Following David's answer I tried using Flink Table API to sort the Datastream, using nc -lk 9999 for text socket stream. The issue is that nothing gets printed to the console until I close the text socket stream. Here is the scala code I wrote -


package processor

import org.apache.flink.api.common.eventtime.{SerializableTimestampAssigner, WatermarkStrategy}
import org.apache.flink.api.common.functions.MapFunction
import org.apache.flink.api.common.state.{ValueState, ValueStateDescriptor}
import org.apache.flink.api.scala.typeutils.Types
import org.apache.flink.configuration.Configuration
import org.apache.flink.streaming.api.functions.KeyedProcessFunction
import org.apache.flink.streaming.api.scala._
import org.apache.flink.table.api.bridge.scala.StreamTableEnvironment
import org.apache.flink.table.api.{EnvironmentSettings, FieldExpression, WithOperations}
import org.apache.flink.util.Collector

import java.time.Duration


object AnnotateJob {

  val OUT_OF_ORDER_NESS = 100

  def main(args: Array[String]) {
    // set up the streaming execution environment
    val env = StreamExecutionEnvironment.getExecutionEnvironment

    val bSettings = EnvironmentSettings.newInstance().useBlinkPlanner().inStreamingMode().build()

    val tableEnv = StreamTableEnvironment.create(env, bSettings)

    env.setParallelism(1)

    // Obtain the input data by connecting to the socket. Here you want to connect to the local 9999 port.
    val text = env.socketTextStream("localhost", 9999)
    val objStream = text
      .filter( _.nonEmpty )
      .map(new ParticleMapFunction)

    val posStream = objStream
      .assignTimestampsAndWatermarks(
        WatermarkStrategy
          .forBoundedOutOfOrderness[ParticlePos](Duration.ofMillis(OUT_OF_ORDER_NESS))
          .withTimestampAssigner(new SerializableTimestampAssigner[ParticlePos] {
            override def extractTimestamp(t: ParticlePos, l: Long): Long = t.t
          })
      )

    val tablePos = tableEnv.fromDataStream(posStream, $"t".rowtime() as "et", $"t", $"name", $"x", $"y")
    tableEnv.createTemporaryView("pos", tablePos)
    val sorted = tableEnv.sqlQuery("SELECT t, name, x, y FROM pos ORDER BY et ASC")

    val sortedPosStream = tableEnv.toAppendStream[ParticlePos](sorted)

    // sortedPosStream.keyBy(pos => pos.name).process(new ValAnnotator)

    sortedPosStream.print()

    // execute program
    env.execute()
  }

  case class ParticlePos(t : Long, name : String, x : Double, y : Double) extends Serializable
  case class ParticlePosVal(t : Long, name : String, x : Double, y : Double,
                            var vx : Double = 0.0, var vy : Double = 0.0) extends Serializable

  class ParticleMapFunction extends MapFunction[String, ParticlePos] {
    override def map(t: String): ParticlePos = {
      val parts = t.split("\\W+")
      ParticlePos(parts(0).toLong, parts(1), parts(2).toDouble, parts(3).toDouble)
    }
  }

}


Solution

  • In general, watermarks in combination with event-time timers are the solution to the problems posed by out-of-order event streams. The section of the official Flink training that covers Event Time and Watermarks explains how this works.

    At a higher level it is sometimes easier to use something like Flink's CEP library, or Flink SQL, because they make it very easy to sort a stream by time, thus removing all of the out-of-orderness. For example, see How to sort a stream by event time using Flink SQL for an example of a Flink DataStream program that uses Flink SQL to sort a stream by event time.

    In your case, a fairly simple MATCH_RECOGNIZE query would do what you're looking for.

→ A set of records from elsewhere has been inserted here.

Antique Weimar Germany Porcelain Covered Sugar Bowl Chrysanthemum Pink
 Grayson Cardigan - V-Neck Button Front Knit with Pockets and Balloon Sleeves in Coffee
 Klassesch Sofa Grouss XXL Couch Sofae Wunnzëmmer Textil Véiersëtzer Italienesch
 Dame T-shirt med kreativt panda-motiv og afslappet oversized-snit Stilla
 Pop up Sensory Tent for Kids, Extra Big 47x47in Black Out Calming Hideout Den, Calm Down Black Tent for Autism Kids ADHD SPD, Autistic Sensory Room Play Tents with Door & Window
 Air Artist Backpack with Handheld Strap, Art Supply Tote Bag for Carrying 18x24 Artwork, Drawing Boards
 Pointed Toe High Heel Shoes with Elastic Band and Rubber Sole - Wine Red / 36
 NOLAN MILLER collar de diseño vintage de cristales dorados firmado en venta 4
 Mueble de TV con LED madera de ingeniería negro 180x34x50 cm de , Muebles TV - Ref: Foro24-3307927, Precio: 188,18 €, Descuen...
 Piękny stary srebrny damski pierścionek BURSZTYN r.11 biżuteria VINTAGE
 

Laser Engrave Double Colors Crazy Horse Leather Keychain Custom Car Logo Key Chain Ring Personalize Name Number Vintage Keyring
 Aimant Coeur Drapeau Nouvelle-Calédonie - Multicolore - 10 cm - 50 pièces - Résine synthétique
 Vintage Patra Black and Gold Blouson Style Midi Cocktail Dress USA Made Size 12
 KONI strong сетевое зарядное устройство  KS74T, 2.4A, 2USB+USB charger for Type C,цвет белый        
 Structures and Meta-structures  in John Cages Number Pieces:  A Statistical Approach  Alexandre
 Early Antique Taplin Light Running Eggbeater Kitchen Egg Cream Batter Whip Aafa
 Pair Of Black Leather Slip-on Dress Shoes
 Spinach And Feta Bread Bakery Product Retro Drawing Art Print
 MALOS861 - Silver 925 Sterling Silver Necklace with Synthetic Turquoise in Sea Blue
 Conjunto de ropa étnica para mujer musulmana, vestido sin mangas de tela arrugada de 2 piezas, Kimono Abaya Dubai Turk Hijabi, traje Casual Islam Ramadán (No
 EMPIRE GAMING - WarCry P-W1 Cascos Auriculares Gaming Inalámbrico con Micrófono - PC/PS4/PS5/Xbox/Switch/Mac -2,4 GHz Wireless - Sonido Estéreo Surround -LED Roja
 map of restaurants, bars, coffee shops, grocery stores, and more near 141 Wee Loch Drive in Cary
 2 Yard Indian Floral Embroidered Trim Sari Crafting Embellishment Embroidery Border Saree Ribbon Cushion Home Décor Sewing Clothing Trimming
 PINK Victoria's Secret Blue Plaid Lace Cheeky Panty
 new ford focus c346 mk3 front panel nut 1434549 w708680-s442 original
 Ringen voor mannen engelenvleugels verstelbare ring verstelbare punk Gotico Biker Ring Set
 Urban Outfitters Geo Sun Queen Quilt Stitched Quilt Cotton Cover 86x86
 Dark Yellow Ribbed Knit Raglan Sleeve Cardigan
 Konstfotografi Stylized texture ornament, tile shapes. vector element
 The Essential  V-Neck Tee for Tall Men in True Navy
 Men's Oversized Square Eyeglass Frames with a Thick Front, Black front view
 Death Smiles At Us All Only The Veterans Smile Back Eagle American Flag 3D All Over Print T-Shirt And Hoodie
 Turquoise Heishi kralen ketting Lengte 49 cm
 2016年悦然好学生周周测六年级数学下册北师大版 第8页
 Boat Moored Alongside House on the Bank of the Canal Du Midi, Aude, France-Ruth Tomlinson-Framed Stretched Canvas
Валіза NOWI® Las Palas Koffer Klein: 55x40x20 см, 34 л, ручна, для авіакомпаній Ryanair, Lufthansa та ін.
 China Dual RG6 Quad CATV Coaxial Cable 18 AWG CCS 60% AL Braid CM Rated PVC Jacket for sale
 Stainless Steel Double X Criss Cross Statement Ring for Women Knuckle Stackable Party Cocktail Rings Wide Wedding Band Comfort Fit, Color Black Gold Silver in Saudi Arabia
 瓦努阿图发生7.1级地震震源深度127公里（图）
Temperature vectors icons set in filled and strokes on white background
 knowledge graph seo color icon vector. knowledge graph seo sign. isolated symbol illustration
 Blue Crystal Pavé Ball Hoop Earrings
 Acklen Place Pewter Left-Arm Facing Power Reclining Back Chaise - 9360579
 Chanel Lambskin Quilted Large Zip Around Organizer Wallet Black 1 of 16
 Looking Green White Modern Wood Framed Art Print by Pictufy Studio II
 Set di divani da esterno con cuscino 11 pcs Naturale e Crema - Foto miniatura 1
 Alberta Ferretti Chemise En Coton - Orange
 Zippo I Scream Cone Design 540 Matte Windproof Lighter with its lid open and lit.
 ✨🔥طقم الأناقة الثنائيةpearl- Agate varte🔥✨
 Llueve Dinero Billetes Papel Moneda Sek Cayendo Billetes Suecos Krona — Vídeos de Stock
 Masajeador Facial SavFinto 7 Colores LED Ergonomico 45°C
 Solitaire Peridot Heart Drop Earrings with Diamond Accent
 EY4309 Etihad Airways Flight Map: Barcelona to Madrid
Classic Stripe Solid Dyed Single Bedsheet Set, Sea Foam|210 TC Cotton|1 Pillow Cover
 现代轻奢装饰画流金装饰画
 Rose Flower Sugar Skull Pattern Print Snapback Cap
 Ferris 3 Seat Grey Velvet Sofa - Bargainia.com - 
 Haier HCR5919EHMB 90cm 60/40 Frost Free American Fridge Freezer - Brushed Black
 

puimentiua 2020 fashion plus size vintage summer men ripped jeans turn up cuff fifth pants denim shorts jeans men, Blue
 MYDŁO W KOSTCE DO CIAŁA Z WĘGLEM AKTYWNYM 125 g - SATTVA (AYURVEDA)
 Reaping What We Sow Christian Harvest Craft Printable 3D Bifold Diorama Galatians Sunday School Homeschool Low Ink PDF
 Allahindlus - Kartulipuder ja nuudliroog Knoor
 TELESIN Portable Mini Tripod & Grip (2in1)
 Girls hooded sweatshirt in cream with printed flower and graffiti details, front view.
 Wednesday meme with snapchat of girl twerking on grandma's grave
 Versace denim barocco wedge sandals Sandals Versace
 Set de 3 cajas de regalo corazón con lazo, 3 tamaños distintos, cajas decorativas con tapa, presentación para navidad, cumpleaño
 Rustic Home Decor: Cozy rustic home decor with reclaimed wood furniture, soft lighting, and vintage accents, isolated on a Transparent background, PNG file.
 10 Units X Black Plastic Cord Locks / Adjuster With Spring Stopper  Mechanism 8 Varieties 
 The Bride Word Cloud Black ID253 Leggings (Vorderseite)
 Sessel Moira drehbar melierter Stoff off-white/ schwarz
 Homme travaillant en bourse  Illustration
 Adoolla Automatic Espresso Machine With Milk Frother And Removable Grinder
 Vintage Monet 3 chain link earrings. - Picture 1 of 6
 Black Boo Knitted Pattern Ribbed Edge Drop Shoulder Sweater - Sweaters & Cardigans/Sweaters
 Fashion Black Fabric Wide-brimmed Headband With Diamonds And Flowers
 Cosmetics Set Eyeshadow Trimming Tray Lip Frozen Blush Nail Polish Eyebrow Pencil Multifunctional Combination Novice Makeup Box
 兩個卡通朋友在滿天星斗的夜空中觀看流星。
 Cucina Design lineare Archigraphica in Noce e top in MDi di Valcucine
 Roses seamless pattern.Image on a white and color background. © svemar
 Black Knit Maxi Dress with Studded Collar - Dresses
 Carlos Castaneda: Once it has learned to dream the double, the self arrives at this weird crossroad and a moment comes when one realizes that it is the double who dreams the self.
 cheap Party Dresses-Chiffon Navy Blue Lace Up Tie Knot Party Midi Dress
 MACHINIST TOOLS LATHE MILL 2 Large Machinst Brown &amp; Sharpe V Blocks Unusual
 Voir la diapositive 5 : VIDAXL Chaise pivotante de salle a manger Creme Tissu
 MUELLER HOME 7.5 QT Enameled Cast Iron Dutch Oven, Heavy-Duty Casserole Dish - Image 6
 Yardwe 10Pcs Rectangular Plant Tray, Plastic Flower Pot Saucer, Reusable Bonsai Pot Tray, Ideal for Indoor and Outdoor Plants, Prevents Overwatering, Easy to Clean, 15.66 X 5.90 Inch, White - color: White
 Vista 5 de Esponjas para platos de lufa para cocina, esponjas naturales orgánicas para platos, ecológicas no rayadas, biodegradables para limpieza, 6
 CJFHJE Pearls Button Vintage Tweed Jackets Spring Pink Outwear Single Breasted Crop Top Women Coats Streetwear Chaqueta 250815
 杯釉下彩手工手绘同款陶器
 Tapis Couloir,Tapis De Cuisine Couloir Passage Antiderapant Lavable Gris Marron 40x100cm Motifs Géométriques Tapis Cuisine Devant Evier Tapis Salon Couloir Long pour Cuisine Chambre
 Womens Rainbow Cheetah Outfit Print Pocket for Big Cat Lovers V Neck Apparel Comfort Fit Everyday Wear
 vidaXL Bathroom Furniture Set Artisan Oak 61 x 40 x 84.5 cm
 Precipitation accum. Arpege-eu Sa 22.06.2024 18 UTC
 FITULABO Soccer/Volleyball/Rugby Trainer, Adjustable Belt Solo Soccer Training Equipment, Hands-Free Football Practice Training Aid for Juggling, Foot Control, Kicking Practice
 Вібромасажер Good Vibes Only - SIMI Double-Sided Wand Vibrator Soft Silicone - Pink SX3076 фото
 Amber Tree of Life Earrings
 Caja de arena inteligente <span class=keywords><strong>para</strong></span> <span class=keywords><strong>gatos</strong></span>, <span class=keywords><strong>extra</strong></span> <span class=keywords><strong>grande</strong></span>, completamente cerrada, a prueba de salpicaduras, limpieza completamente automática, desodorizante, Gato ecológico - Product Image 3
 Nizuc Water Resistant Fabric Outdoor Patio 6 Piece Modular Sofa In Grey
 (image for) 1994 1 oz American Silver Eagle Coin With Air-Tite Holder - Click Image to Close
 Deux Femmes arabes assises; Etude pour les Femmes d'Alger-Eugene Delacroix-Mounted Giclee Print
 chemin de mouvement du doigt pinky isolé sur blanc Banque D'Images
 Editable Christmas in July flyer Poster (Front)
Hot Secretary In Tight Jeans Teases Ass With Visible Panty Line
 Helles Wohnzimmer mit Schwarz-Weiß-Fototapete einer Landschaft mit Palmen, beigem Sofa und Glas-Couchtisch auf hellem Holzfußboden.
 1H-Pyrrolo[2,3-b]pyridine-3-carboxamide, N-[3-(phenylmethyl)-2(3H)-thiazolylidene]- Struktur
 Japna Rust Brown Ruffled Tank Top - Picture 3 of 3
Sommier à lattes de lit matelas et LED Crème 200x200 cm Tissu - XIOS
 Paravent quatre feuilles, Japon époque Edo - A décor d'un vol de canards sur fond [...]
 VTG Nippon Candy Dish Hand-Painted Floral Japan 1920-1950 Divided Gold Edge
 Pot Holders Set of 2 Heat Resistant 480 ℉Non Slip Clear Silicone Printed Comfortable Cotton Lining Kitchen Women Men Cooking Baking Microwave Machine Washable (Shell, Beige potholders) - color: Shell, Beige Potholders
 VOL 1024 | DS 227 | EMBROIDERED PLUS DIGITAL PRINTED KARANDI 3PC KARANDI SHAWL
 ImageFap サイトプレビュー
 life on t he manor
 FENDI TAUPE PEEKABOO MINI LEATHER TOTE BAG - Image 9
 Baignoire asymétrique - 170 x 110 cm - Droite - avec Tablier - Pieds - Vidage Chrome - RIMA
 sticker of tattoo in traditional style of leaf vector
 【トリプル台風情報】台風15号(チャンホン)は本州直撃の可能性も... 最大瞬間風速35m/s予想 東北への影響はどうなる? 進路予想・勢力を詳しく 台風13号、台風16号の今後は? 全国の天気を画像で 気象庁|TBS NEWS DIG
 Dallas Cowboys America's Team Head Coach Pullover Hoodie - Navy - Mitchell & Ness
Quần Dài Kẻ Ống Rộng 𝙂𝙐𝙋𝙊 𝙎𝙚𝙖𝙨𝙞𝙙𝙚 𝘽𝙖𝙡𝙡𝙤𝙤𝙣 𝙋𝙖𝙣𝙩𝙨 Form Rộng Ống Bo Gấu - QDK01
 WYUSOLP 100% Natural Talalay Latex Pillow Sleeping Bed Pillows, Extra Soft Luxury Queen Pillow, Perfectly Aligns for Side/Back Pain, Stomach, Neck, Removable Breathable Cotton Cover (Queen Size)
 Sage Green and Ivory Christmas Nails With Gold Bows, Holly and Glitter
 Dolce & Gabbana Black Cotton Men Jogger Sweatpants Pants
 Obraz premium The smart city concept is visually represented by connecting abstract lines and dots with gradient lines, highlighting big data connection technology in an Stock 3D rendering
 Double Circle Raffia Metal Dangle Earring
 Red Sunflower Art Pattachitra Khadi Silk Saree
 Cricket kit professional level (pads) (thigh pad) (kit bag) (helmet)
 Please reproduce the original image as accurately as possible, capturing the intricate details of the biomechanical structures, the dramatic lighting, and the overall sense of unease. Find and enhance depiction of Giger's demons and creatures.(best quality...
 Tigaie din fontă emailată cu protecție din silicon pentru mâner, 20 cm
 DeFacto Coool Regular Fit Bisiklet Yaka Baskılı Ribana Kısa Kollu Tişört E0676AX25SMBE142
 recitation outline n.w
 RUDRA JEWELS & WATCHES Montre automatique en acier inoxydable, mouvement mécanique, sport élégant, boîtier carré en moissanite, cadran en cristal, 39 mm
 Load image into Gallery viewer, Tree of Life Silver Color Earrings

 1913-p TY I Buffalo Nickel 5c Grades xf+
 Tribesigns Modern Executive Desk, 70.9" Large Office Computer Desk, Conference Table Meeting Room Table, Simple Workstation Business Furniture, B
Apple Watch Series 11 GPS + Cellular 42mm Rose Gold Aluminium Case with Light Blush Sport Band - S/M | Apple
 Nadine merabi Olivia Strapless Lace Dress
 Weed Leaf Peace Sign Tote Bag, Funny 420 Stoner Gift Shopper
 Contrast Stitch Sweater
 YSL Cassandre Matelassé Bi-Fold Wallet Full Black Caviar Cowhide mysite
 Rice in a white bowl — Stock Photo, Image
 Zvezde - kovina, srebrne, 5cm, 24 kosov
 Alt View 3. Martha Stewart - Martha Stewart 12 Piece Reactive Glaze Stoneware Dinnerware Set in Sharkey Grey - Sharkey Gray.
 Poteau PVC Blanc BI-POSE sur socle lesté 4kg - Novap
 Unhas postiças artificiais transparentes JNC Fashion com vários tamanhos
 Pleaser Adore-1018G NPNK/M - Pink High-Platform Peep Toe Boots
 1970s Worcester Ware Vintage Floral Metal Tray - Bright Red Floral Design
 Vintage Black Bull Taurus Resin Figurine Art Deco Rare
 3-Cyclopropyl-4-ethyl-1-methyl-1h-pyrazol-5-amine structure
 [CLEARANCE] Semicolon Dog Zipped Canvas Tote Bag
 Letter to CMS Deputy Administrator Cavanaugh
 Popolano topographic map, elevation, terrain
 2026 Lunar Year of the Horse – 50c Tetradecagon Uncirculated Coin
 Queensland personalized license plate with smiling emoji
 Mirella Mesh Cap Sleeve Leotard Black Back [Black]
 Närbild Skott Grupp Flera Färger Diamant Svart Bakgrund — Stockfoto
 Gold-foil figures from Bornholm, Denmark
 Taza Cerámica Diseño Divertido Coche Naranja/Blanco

That might look something like this,

    SELECT *
        FROM event
        MATCH_RECOGNIZE (
            PARTITION BY particleId
            ORDER BY ts
            MEASURES 
                b.ts, 
                b.particleId, 
                velocity(a, b)
            AFTER MATCH SKIP TO NEXT ROW
            PATTERN (a b)
            DEFINE
                a AS TRUE,
                b AS TRUE
        )
    

    where velocity(a, b) is a user-defined function that computes the velocity, given two sequential events (a and b) for the same particle.